▶ [EXERCISE DIRECTIONS]: Reproduce the data that follows character for character, but omit its pictures.

▶ [DATA SHOWN]:

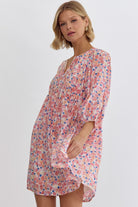 Entro Blush Petal Print Mini Dress-Dresses-Entro-Deja Nu Boutique, Women's Fashion Boutique in Lampasas, Texas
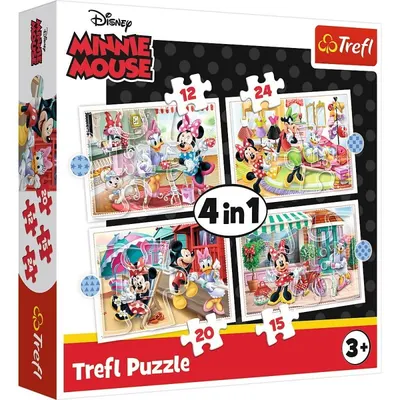 Puzzle 4 in 1 - Minnie Mouse si prietenii ei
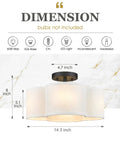 Dimensions of Black Semi Flush Mount Ceiling Light With Fabric Shade In Quatrefoil Shape, 13 Inch farmhouse fixture.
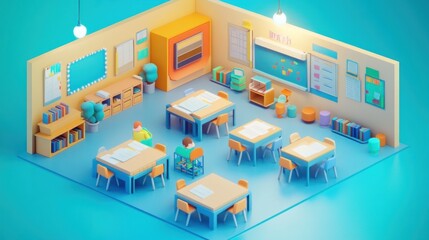 Obraz premium A colorful classroom scene with desks, students, and educational materials.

▶ [SOLUTION TO THE PROBLEM]:
 Entro Blush Petal Print Mini Dress-Dresses-Entro-Deja Nu Boutique, Women's Fashion Boutique in Lampasas, Texas
 Puzzle 4 in 1 - Minnie Mouse si prietenii ei
 Dimensions of Black Semi Flush Mount Ceiling Light With Fabric Shade In Quatrefoil Shape, 13 Inch farmhouse fixture.
 Obraz premium A colorful classroom scene with desks, students, and educational materials.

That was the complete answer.